Almost despite itself, San Ramon is rich in open spaces, far beyond most cities its size.
Beginning in the 1970s, Save Mount Diablo began working the on the Black Hills to the north in Mount Diablo State Park. The East Bay Regional Park District began working on Las Trampas Regional Park to the west, and Morgan Territory to the east up on Highland Ridge.
In the 1990s, Doughtery Valley development was massive, but it also included thousands of acres of open space that were incorporated into the city.
New San Ramon General Plan Update Focuses on Infill within City Boundaries
Last month San Ramon city staff presented a draft update to the city’s General Plan. A General Plan is considered a city’s “constitution” for development. We at Save Mount Diablo were pleased that it includes a lot of great concepts.
For instance, there is an emphasis on focusing new growth inward by encouraging infill and redevelopment projects within San Ramon’s urban growth boundary (UGB).
A UGB is a line designated by a city or county, beyond which urban-type uses like large-scale housing projects are not allowed.
Protecting Open Space, Reducing Car Dependency, Expanding Parks
The General Plan update also highlights the importance of protecting San Ramon’s open space, ridgelines, and creeks.
It promotes expanding and connecting bike networks and other non-auto transportation routes to reduce car dependency and associated carbon pollution that contributes to climate change. It emphasizes maintaining the UGB as a valuable planning tool.
The update describes how to achieve these objectives through a number of already existing or planned tools, such as ordinances, the city’s Climate Action Plan, increased funding, and public engagement. The city even requires developers to pay a fee per unit into a land fund for open space preservation.
There are even calls to add specific pieces of land to San Ramon’s park system!
Keeping the Tassajara Valley As Open Space
Of special interest to Save Mount Diablo: the update does not include any language about expanding east into the Tassajara Valley. This approach wasn’t always the case in San Ramon.
Over the past three decades, there have been several attempts to use city or Contra Costa County planning processes to expand massive development into the rural Tassajara Valley.
Save Mount Diablo and other organizations fought off the “Tassajara Valley Owners Property Association” proposal in the late 1990s, which would have covered nearly 5,000 acres of the Tassajara Valley area with thousands of houses.
We got Contra Costa County’s Urban Limit Line (the same mechanism as a UGB) tightened in 2000 to exclude the Tassajara Valley and so reduced the danger of development.
In 2004, we helped make it a rule to require cities in Contra Costa to adopt voter-approved UGBs if they wanted to have access to certain transportation funds, and that most changes would require voter approval.
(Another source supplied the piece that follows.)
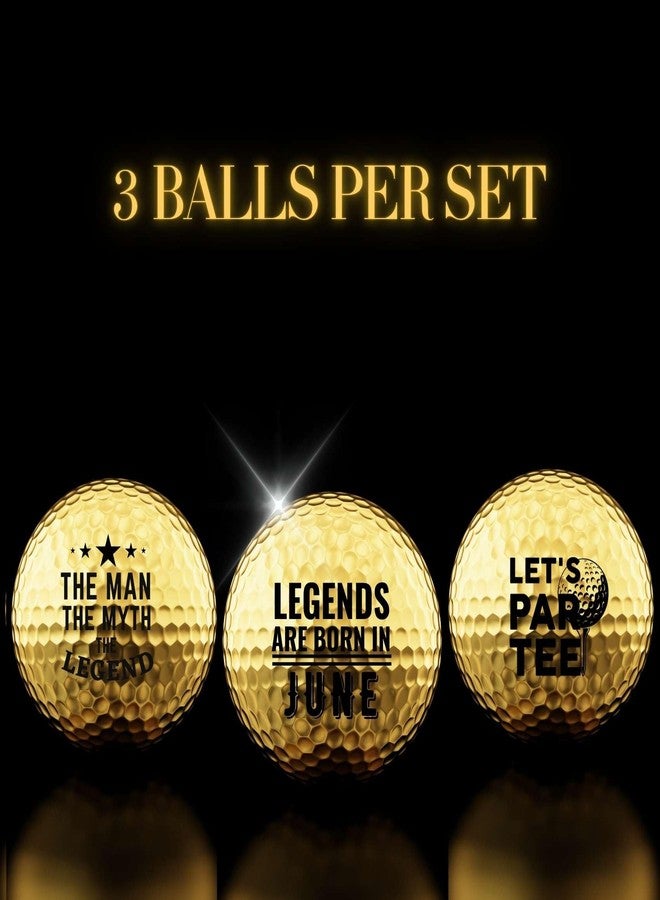 CybGene Birthday Gifts Golf Balls Set for Him, Golf Gifts for Men, Cool Accessories for Golfers, Birthday Golf Balls for Golf Lovers, Dad, Grandpa, Boyfriend, Husband, Brother, Uncle, Boss - June - Image 3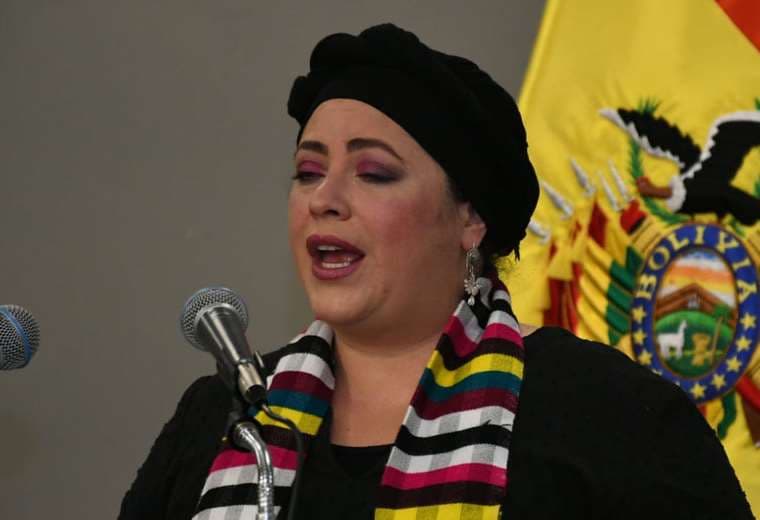 La ministra María Nela Prada. Foto: APG.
We also defeated a proposal called New Farm that would have placed almost 200 houses over almost 800 acres of the Tassajara Valley.
With respect to San Ramon, in 2008 the city tried to expand its Sphere of Influence over almost 5,000 acres of Tassajara Valley without proper environmental review.
Expanding a Sphere of Influence is a first step in bringing an area into the city and thereby making it easier to develop. We and many others objected.
In the city’s 2010 Measure W, they proposed expanding San Ramon’s urban growth boundary to include the western half of the Tassajara Valley. Save Mount Diablo led the fight, and we and our allies defeated Measure W.
New council members were elected, and the city began shifting away from expansion and toward open space preservation.
New Councilmember Phil O’Loane helped lead the charge for bookending the city east and west with regional parks, creating the land fund development fee, stopping some bad projects, and so on.
One of the most pro-development cities in the Bay Area became one of the most pro–open space.
A Lot Has Improved in the Past 15 Years
San Ramon’s update explicitly focuses growth inward promotes the idea of a connected ring of protected open space around San Ramon.
And it recognizes the UGB as a line that urban development should not cross. This approach means that a lot has changed in the past 15 years.
We have been encouraging good policy, supporting forward-thinking city leadership, cultivating relationships, and always being on the lookout for threats and opportunities.
In doing so, over time residents, new leaders, and conservationists like Save Mount Diablo help transform the way a city, and an entire region, acts with respect to its wildlife, open space, funding priorities, and its whole underlying philosophy.
We’re happy to see this transformation illustrated in San Ramon’s update.
The city’s planning commission and city council will see a more final draft of the update in the future. We will continue to monitor its progress and stay engaged with residents and leadership to support good policies and projects.